*Goal of the exercise*: Please repeat exactly the lines from the one containing "Comparación del laringoscopio" through the last line of the records below, both included, and leave out any pictures.

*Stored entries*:
================
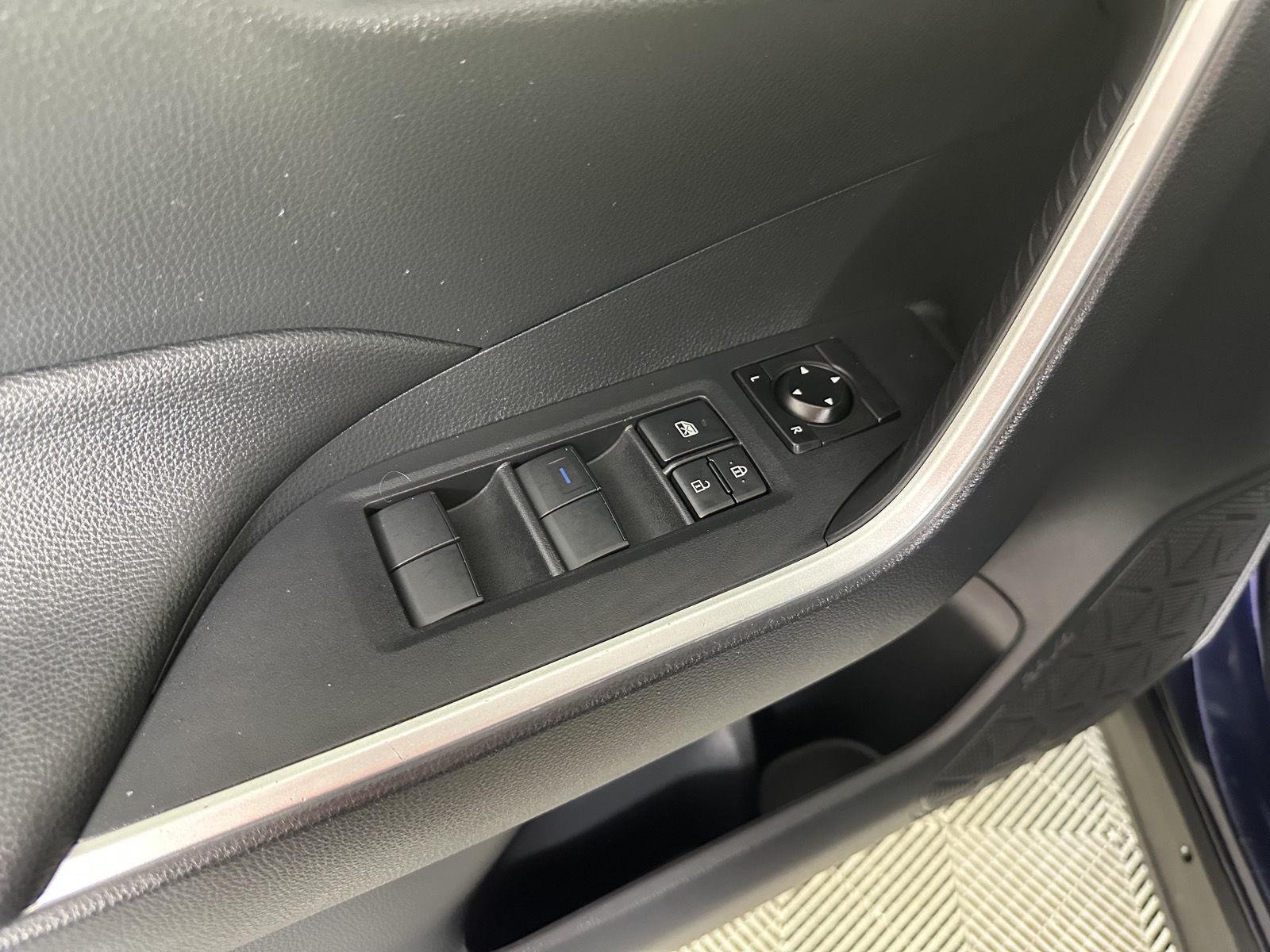 Used 2019 Blueprint Toyota XLE image 23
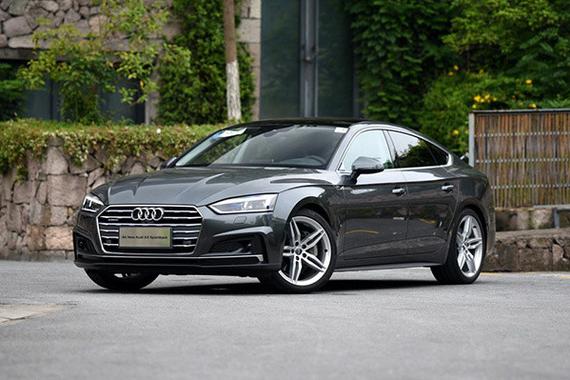 全新内外设计 奥迪新A5将于今日上市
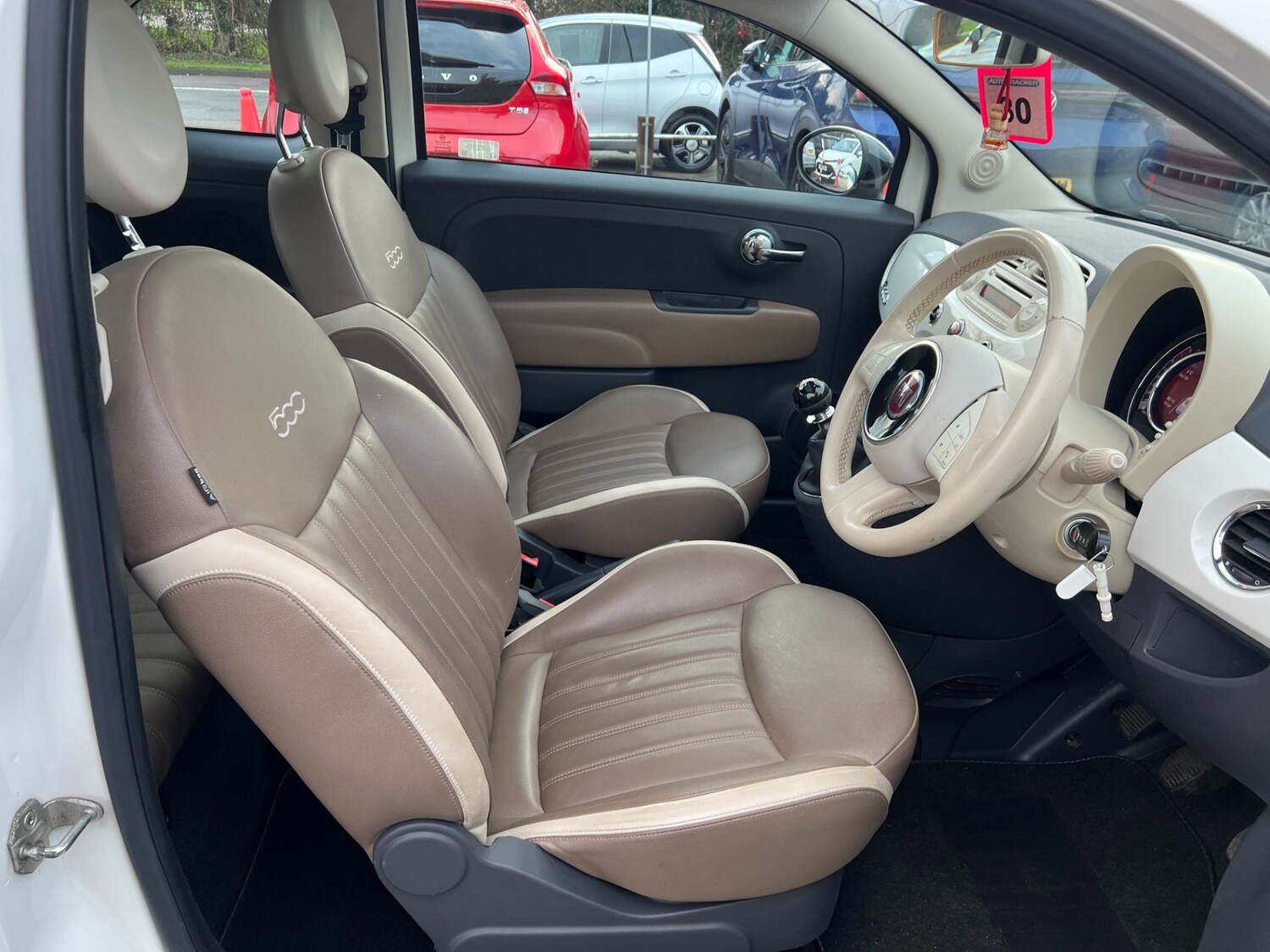 Used Fiat 500 2014 for sale - 76835193: Photo 31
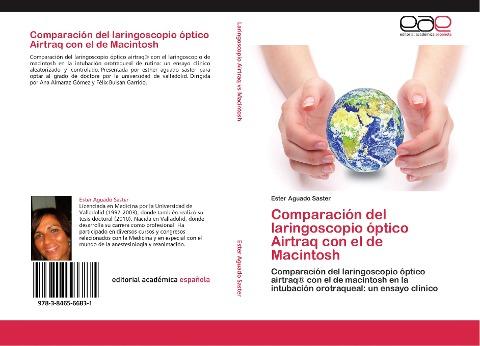 Comparación del laringoscopio óptico Airtraq con el de Macintosh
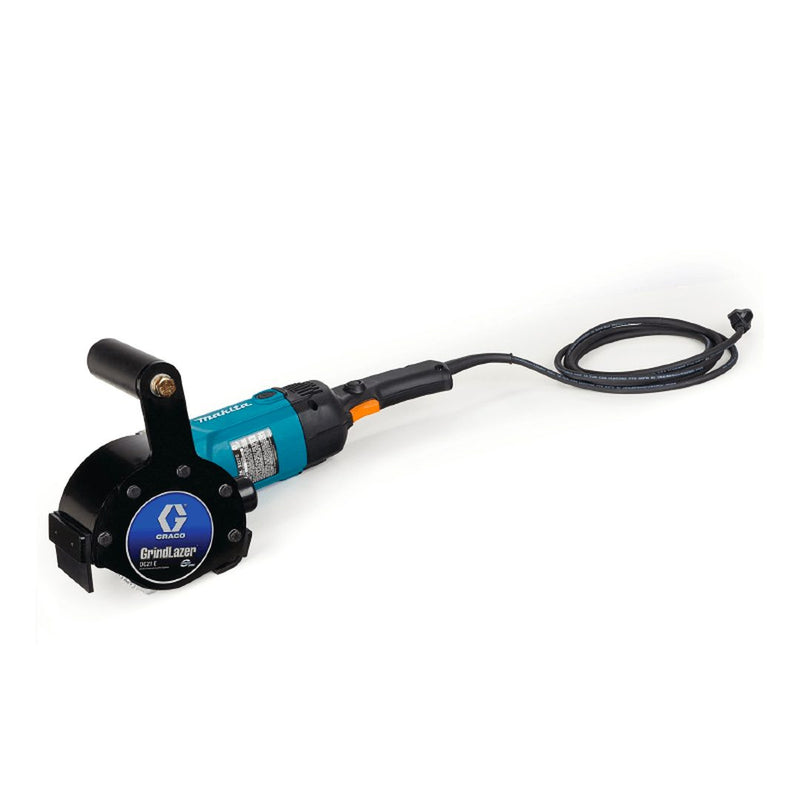 GRACO GrindLazer DC21 - E Handheld - GO Industrial - 25N609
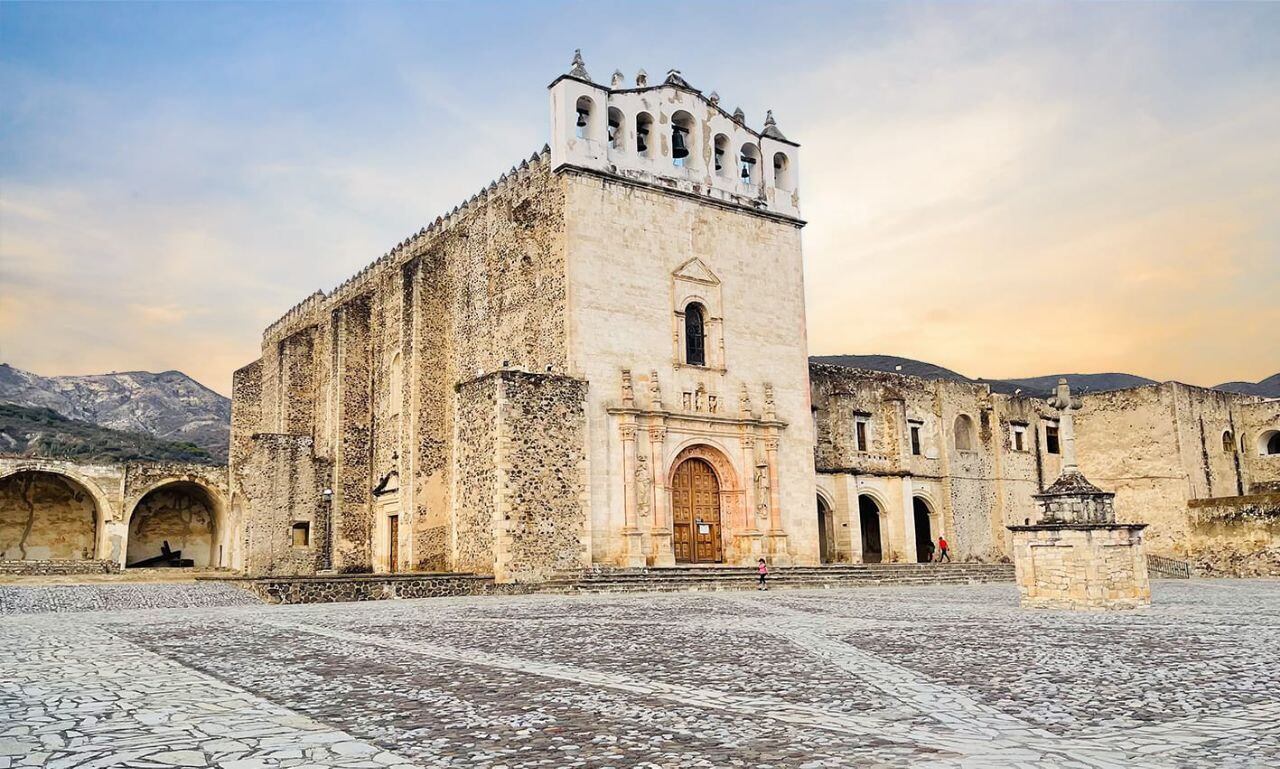 Metztitlán, nominado a “Lo Mejor de México 2024″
================
*Solution to this problem*:
 Comparación del laringoscopio óptico Airtraq con el de Macintosh
 GRACO GrindLazer DC21 - E Handheld - GO Industrial - 25N609
 Metztitlán, nominado a “Lo Mejor de México 2024″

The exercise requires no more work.